D’autant plus que ce problème est récurent. Selon l’étudiante, à peu près tous les ans, depuis 2017, son ascenseur reste en panne pendant environ 10 jours. Orvitis reconnaît avoir “des difficultés avec l’ascenseur de ce bâtiment”, lié à l’usure et à certaines dégradations. Dans le cas de la panne récente, le délai de réparation est lié à la commande d’une pièce en rupture de stocks qui a mis plusieurs jours à arriver.

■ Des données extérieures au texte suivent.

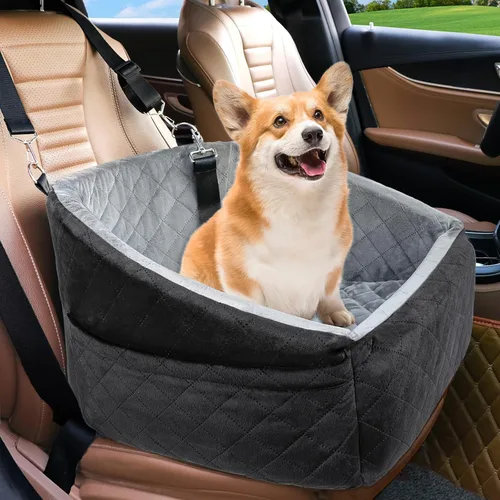 Vista 9 de NEEZUKAR Asiento de automóvil para perros pequeños y medianos, asiento elevador desmontable lavable para perros de menos de 30 libras, asiento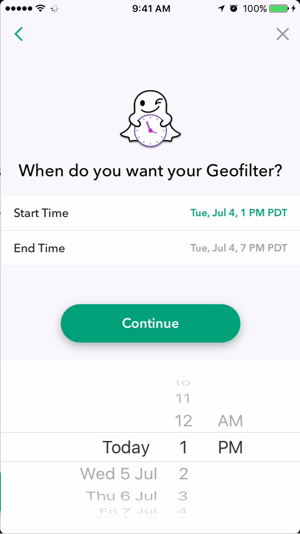 Selecione uma data e hora para o geofiltro Snapchat ficar ativo.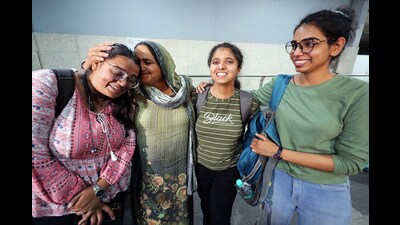 Haryana students meet their family members after returning from the violence-hit Manipur at Indira Gandhi International (IGI) Airport in New Delhi on Monday. (ANI) Haryana students meet their family members after returning from the violence-hit Manipur at Indira Gandhi International (IGI) Airport in New Delhi on Monday. (ANI)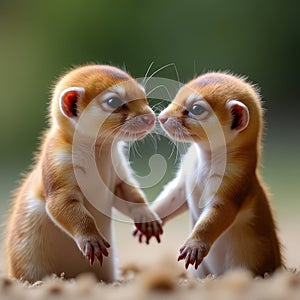 Adorable Baby Weasels Playing Together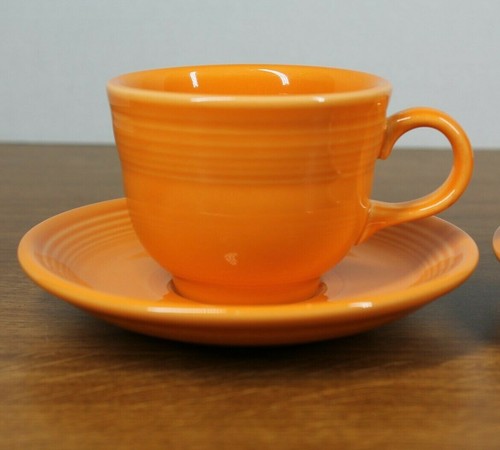 Fiestaware Fiesta - Coffee Cups & Saucers - TWO - 2 - Tangerine - Contemporary - Picture 2 of 5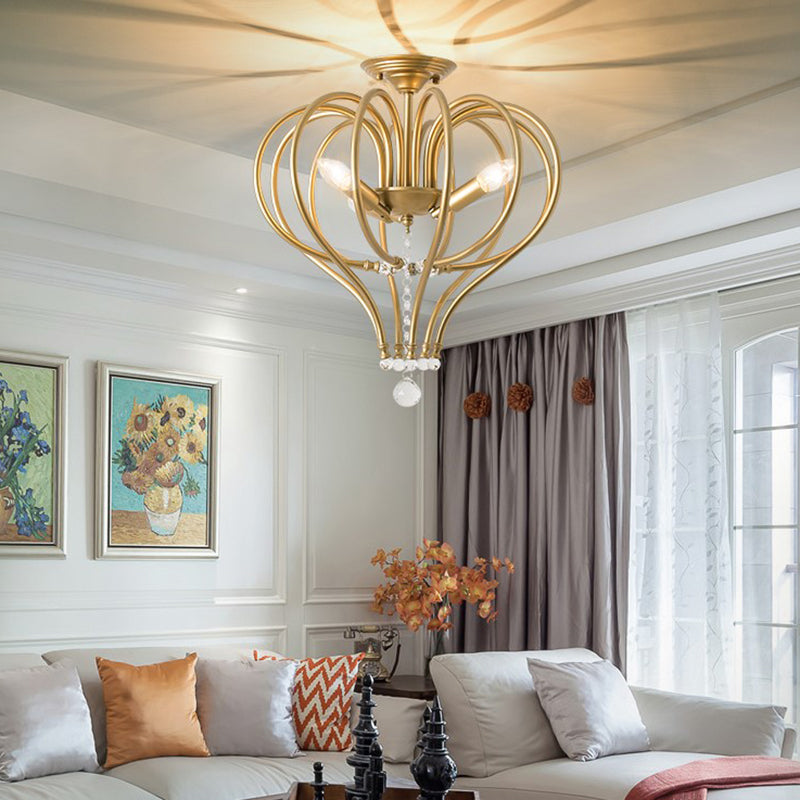 Metal Laser Cut Semi Flush Mount Traditional 3 Bulbs Brass Ceiling Mount Chandelier Brass Clearhalo 'Ceiling Lights' 'Close To Ceiling Lights' 'Close to ceiling' 'Semi-flushmount' Lighting' 238190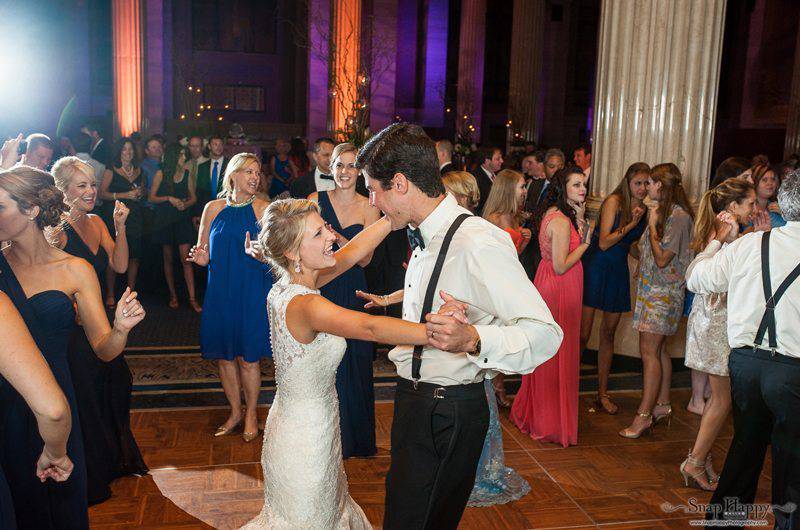 The Columns at One Commerce Square Bride and groom dancing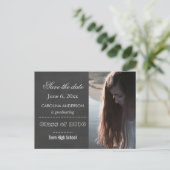 Carte Postale Faire-part Chalkboard Graduate Photo Enregistrer La Date (Debout devant)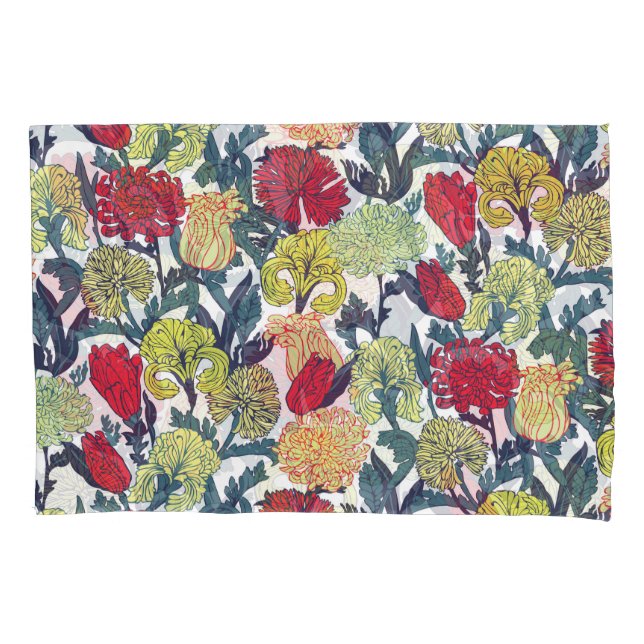 Colourful flowers: seamless white pattern. pillowcase (Front)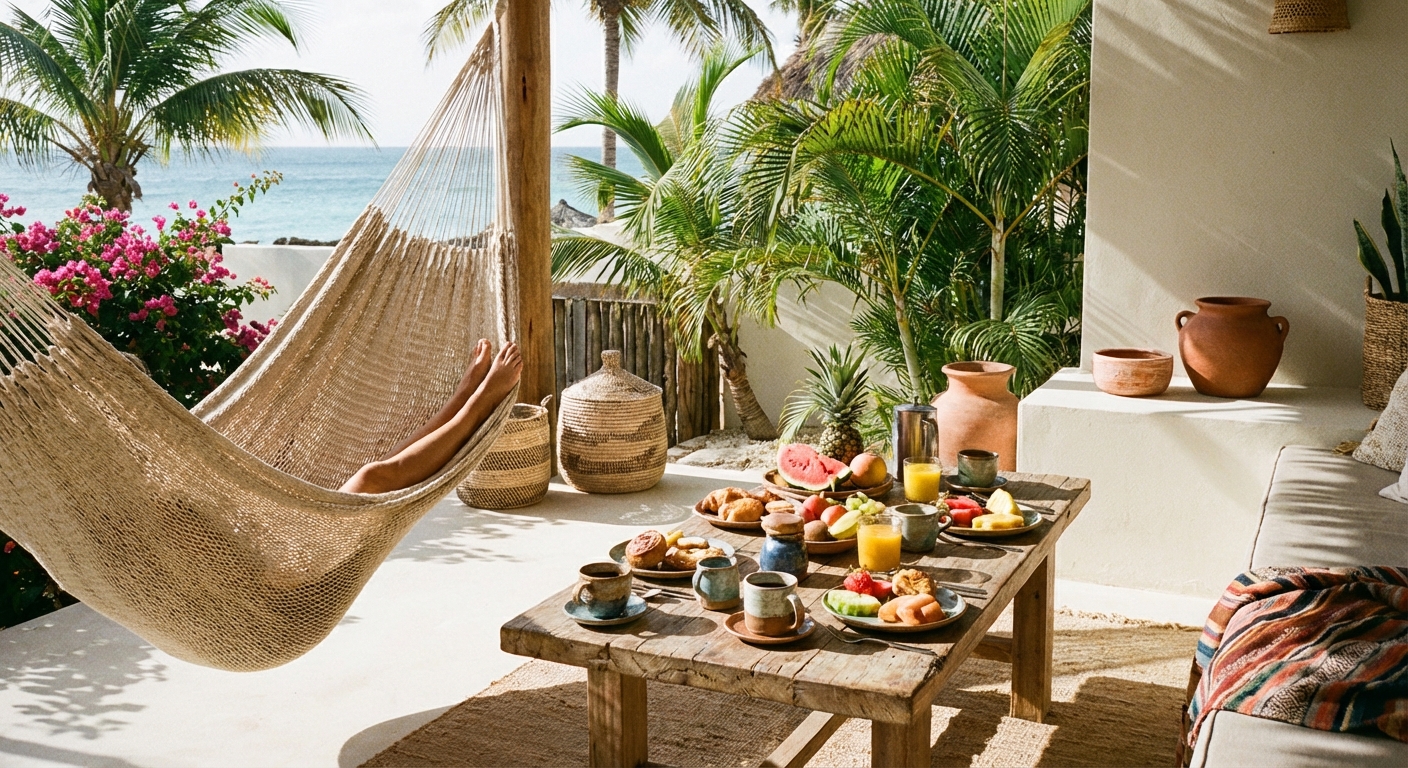 Boutique hotel amenities in Aruba including private patio and hammock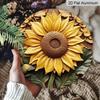 2D Flat Aluminum Sunflower Pattern Wall Hanging, 7.87 Inches X 7.87 Inches, Country Style, Suitable for Gardens, Farmhouses, Cafes, Living Rooms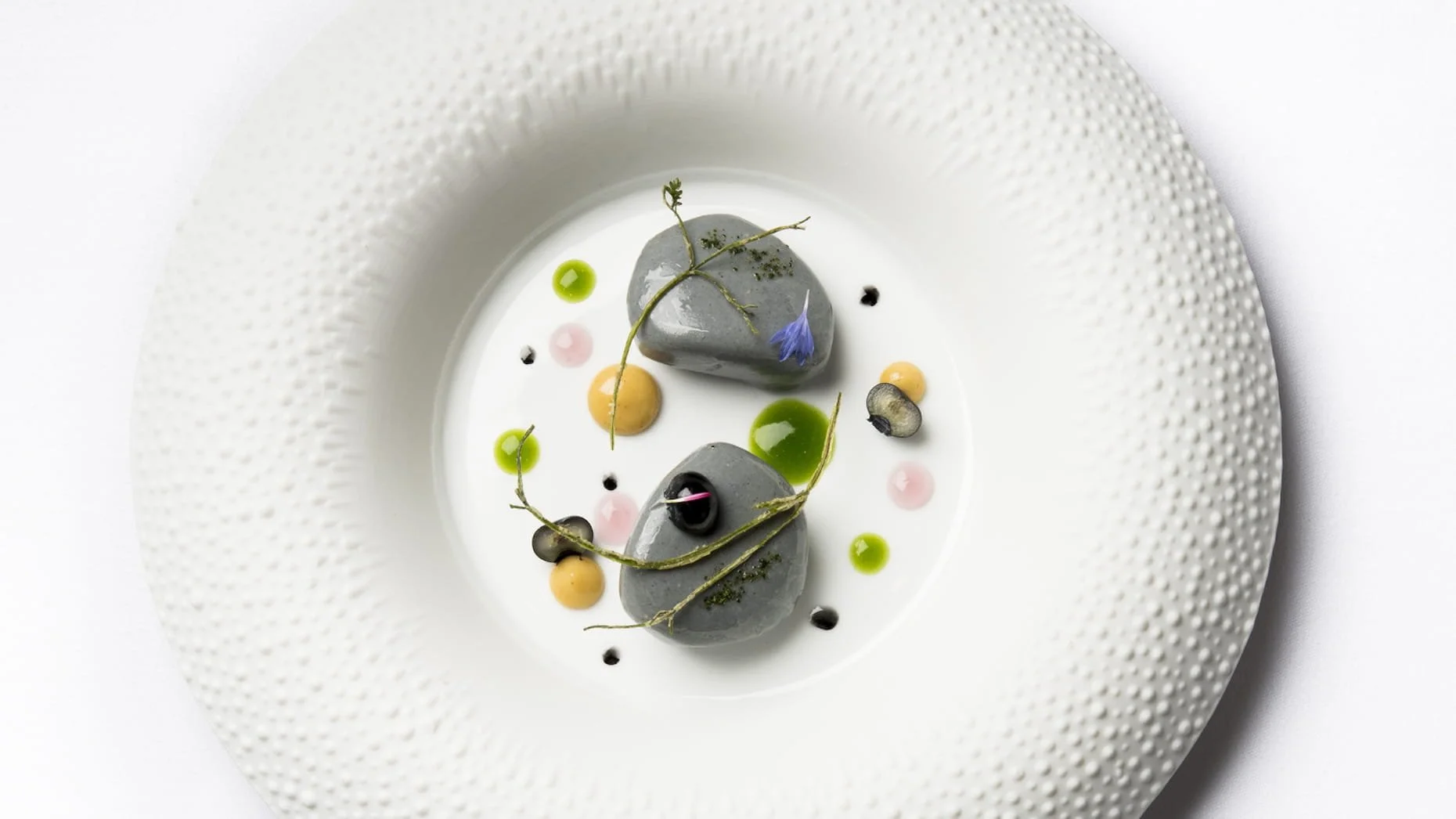 Plat de dessert avec deux galets de chocolat noir décorés avec des petits fruits, des herbes et des sauces colorées, présenté sur une assiette blanche à texture épaissie.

L’ascenseur est actuellement sous la surveillance de la société de maintenance responsable de l’appareil. L’entreprise dit comprendre “l’inconfort et la difficulté” ressentis par Mathilde et déclare que “ne pas pouvoir se déplacer pendant 6 jours ne doit pas arriver”.
La jeune femme affirme également qu’une des fois où elle a appelé Orvitis, la personne au standard lui a répondu: “vous êtes handicapée, donc vous n’avez pas besoin de sortir de chez vous”. “C’est de la maltraitance sociale”, dénonce-t-elle. De son côté, le bailleur social “n’ose même pas imaginer que cela puisse arriver” car son service de relations clients est “professionnel”. L’entreprise va étudier la question.
La moitié des bâtiments ouverts au public inaccessibles aux personnes handicapées
“Si j’alerte l’opinion publique, c’est que ça n’arrive pas qu’à moi ce genre d’histoire”, souligne Mathilde.
Stéphane Lenoir, coordinateur au Collectif Handicaps, qui regroupe 52 associations nationales de personnes en situation de handicap et de leurs familles, lui donne raison. “On a des retours réguliers sur des pannes d’ascenseur”, explique-t-il à BFMTV.com.
“De manière générale, il est inadmissible qu’une personne soit bloquée chez elle à cause d’une panne d’ascenseur. Il faut que les bailleurs sociaux mettent en œuvre leur contrat de maintenance et qu’ils ne se renvoient pas la balle avec la société de maintenance”, déclare-t-il.
Mais, régulièrement dans la société, des personnes en situation de handicap sont confrontées à des problèmes d’accessibilité, que ce soit dans leur immeuble, à la gare ou dans un petit commerce, souligne Stéphane Lenoir.
De fait, selon les chiffres donnés par la France à l’ONU en août 2021, sur environ deux millions de bâtiments ouverts au public en France, un million seulement sont accessibles aux personnes handicapées. Parmi les gares ferroviaires, seules 45% remplissent les critères d’accessibilité.